This specific situation has been discussed to death in the Carrion Crown forum, but it basically comes down to gods not being blinded by hate and being able to see the forest for the trees. Pharasma and the Paladin having gods would be more concerned with the plans of the Whispering Way than they would be with a nest of vampires living in equilibrium with a city for centuries. That isn't to say that they don't care if their follower just ignores the vampires, far from it. But it does mean that they would put the priority on stopping the Way and leaving cleaning out the vampire nest for after. Especially if working with the vampires means learning more and more about the nest and how they operate so they can be taken out easier later.
I'm dealing with this very issue in my Carrion Crown campaign as well. The Ulfen paladin, who did not have a patron deity when it started, is a recent convert to Pharasma.
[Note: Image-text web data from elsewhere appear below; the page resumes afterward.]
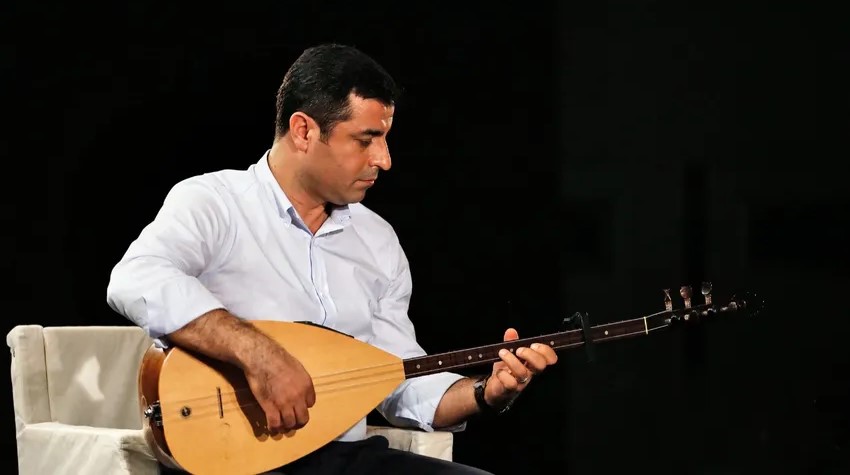 saz.jpg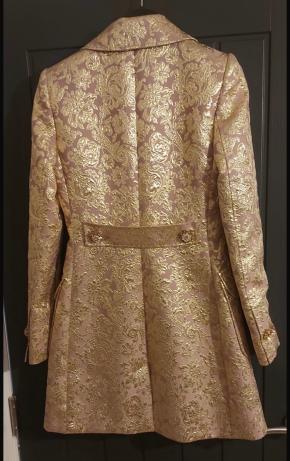 Dolce & Gabbana JGold Rose acquard Crystal Button Coat 5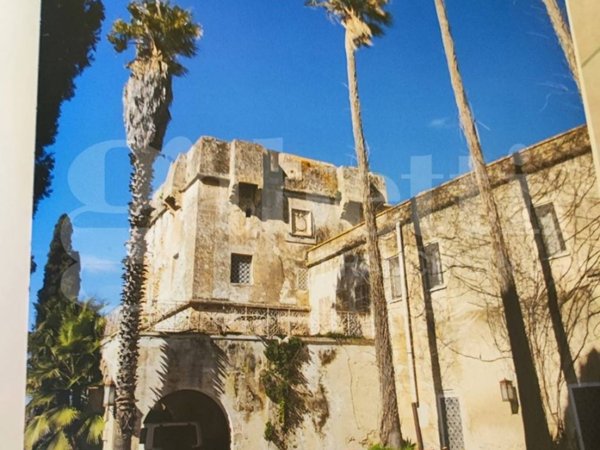 intera palazzina in vendita a Brindisi in zona Paradiso
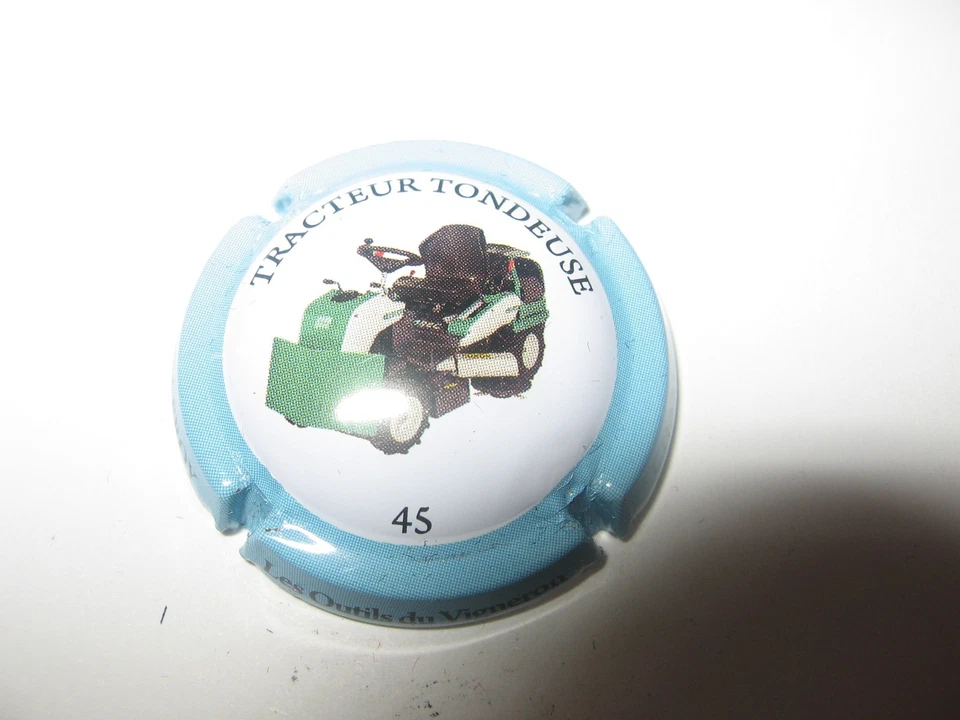 1 capsule de champagne Courty Leroy N°12ZR 45 - Photo 1/1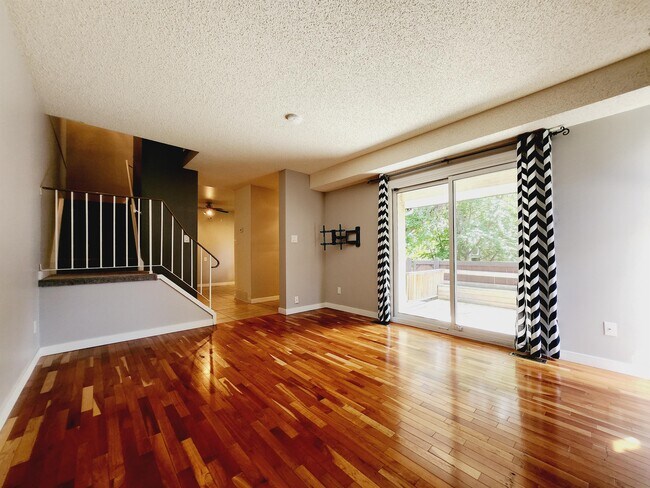 Photo - 7211-7180 180 St NW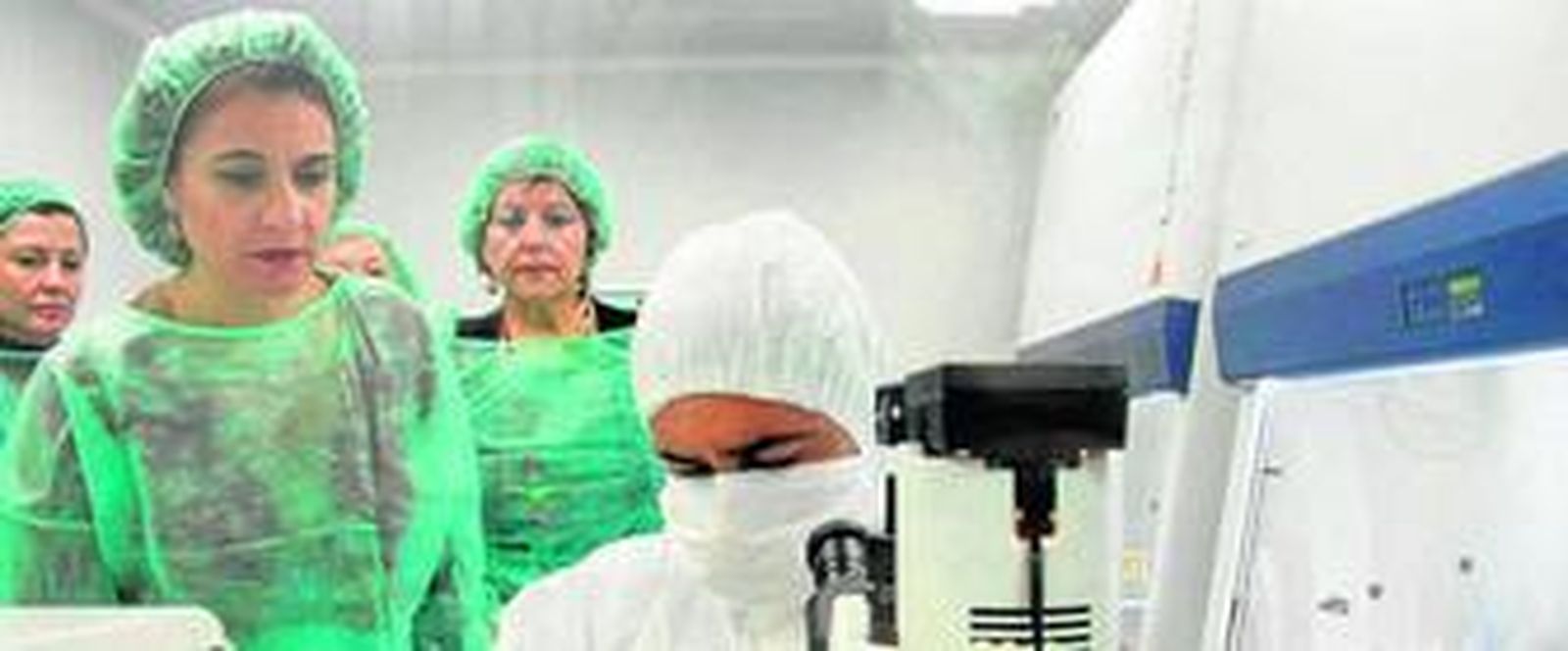 La consejera de Salud, María Jesús Montero, durante la visita, ayer, a la 'sala blanca' del Carlos Haya.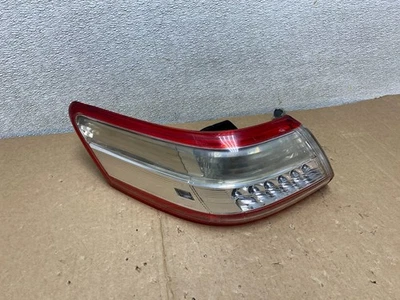 Luz trasera izquierda LED híbrida Toyota Camry 2010-2011 TYC U9839 DW Foto 1 de 4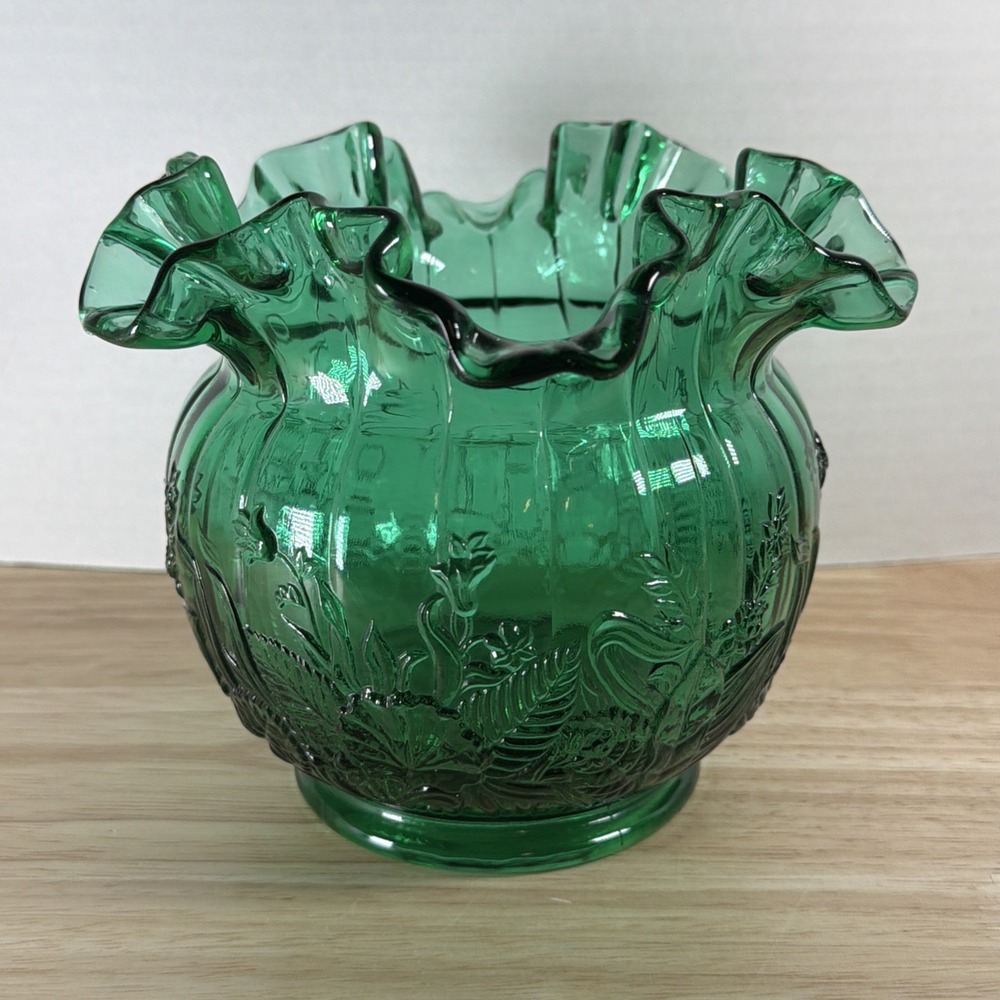 Fenton Olde Virginia Fenton Emerald Green Glass Rose Bowl 5" Tall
He understands the greater need, the greater goal that the group is trying to accomplish. Does he like it? Not by any means. But the player told me that he's looking at it in the same manner that Blade did in Blade II. He's using the time to learn all he can about the vampires, their spawn and their mortal servants. I commended him on his patience, something his character was never known for previously.
Responding to the OP I would just say "no". The church of Pharasma doesn't give a damn about the greater good. They're neutral. Everything dies in the end and sooner or later is largely irrelevant. So take that Daylight, the stakes and as much garlic as you can bear and do unto the foul abominations.
That's almost like what is going on. Here let me correct it. All that is going on, and the cleric/paladin meets Urgathoa. Urgathoa says I'll finance you to go kill this vampire. Cleric/paladin says okay, "I mean Pharasma, your archrival who stands against you in all things, well all except for this I guess is practicle right?"
No, sorry. It both contradicts the setting material and it breaks sense of belief. Otherwise we might see some Clerics of Pharasma casting Animate Dead, when it was practicle.
"As a follower of Pharasma, you detest Urgathoa, Orcus, and all those who exult in undeath, for they represent both a corruption of natural existence and a vile bending of the will of Pharasma."
"The church despises the undead as abominations to the natural order, and all priests follow the church’s teachings about undead without question; creating undead is forbidden, and controlling existing undead is frowned upon, even by evil Pharasmin priests."
To respond to several things here:
1) Asking my DM isn't going to help, as his knowledge of Golarion is generally less than mine, and I'm not particularly well-read on the subject.
2) When I said greater good, I meant greater good as far as Pharasma sees it - in this case, opposing the Whispering Tyrant, a lich that wants to kill the entire world and raise them all as undead.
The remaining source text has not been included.